■ **Directions**:
Please copy the lines below exactly, from the first one through the line showing "Cute macaron cartoon".

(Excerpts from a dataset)
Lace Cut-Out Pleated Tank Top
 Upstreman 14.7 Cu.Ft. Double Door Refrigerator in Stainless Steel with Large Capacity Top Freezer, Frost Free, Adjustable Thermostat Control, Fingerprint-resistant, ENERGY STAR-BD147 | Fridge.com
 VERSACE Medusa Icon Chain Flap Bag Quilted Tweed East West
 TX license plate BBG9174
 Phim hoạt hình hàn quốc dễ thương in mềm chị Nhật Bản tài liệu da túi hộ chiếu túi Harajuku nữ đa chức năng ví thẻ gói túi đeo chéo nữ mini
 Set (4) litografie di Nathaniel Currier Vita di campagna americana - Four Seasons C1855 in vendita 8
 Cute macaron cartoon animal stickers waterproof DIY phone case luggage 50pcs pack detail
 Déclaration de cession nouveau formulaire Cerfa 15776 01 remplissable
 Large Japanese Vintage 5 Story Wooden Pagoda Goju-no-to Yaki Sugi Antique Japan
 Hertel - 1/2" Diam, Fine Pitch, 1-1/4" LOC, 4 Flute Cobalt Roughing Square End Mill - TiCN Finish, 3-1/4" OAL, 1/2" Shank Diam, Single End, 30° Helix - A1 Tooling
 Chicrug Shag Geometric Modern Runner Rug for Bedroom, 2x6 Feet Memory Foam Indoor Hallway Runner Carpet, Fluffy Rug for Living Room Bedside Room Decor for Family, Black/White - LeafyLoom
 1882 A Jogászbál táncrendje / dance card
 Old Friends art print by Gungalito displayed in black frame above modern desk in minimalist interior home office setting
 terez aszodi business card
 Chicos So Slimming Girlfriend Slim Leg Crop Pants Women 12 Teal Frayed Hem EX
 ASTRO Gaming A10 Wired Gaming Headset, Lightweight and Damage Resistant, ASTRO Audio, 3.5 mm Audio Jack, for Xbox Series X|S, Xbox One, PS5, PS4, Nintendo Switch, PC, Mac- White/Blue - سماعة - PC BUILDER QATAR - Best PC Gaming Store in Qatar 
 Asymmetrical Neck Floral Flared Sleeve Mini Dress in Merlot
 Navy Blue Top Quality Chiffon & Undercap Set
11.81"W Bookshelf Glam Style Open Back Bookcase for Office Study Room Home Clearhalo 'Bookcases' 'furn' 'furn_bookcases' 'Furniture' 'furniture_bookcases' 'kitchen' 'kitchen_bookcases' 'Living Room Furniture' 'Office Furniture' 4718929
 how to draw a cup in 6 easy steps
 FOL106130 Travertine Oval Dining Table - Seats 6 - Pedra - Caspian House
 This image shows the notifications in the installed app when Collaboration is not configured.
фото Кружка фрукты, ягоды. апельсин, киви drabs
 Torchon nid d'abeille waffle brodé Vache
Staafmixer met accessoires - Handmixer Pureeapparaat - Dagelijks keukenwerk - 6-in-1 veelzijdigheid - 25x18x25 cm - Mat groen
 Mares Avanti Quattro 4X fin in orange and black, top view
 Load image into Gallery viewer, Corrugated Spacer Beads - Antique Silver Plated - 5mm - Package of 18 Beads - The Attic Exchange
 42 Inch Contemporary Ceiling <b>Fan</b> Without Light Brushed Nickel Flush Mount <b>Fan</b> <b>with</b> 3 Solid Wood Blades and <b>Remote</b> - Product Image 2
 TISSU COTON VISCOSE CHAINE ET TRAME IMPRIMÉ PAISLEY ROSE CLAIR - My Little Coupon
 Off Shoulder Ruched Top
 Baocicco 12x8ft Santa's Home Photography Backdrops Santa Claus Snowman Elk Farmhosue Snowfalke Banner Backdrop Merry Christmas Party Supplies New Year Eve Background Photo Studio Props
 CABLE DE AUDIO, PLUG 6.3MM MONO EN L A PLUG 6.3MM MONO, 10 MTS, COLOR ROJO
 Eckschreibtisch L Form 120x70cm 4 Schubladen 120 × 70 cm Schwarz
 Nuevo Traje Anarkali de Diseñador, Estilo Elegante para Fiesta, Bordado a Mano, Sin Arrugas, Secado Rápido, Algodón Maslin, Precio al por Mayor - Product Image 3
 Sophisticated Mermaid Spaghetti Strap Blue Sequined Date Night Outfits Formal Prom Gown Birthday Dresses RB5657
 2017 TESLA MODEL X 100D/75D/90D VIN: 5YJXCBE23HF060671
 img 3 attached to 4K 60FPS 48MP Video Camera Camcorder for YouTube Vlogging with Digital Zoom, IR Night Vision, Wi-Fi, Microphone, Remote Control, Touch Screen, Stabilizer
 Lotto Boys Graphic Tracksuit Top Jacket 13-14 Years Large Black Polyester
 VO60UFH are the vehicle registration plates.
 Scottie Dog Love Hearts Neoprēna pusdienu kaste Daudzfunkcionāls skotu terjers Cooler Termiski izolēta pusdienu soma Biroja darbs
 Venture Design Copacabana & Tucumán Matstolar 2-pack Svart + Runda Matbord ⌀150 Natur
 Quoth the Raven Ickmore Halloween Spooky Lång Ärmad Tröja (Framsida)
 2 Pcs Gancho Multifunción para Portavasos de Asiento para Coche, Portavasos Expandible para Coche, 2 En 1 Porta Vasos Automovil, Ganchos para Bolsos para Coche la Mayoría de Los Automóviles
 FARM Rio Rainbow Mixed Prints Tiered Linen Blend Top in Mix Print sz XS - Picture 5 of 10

■ **Reply to the exercise**:
Lace Cut-Out Pleated Tank Top
 Upstreman 14.7 Cu.Ft. Double Door Refrigerator in Stainless Steel with Large Capacity Top Freezer, Frost Free, Adjustable Thermostat Control, Fingerprint-resistant, ENERGY STAR-BD147 | Fridge.com
 VERSACE Medusa Icon Chain Flap Bag Quilted Tweed East West
 TX license plate BBG9174
 Phim hoạt hình hàn quốc dễ thương in mềm chị Nhật Bản tài liệu da túi hộ chiếu túi Harajuku nữ đa chức năng ví thẻ gói túi đeo chéo nữ mini
 Set (4) litografie di Nathaniel Currier Vita di campagna americana - Four Seasons C1855 in vendita 8
 Cute macaron cartoon animal stickers waterproof DIY phone case luggage 50pcs pack detail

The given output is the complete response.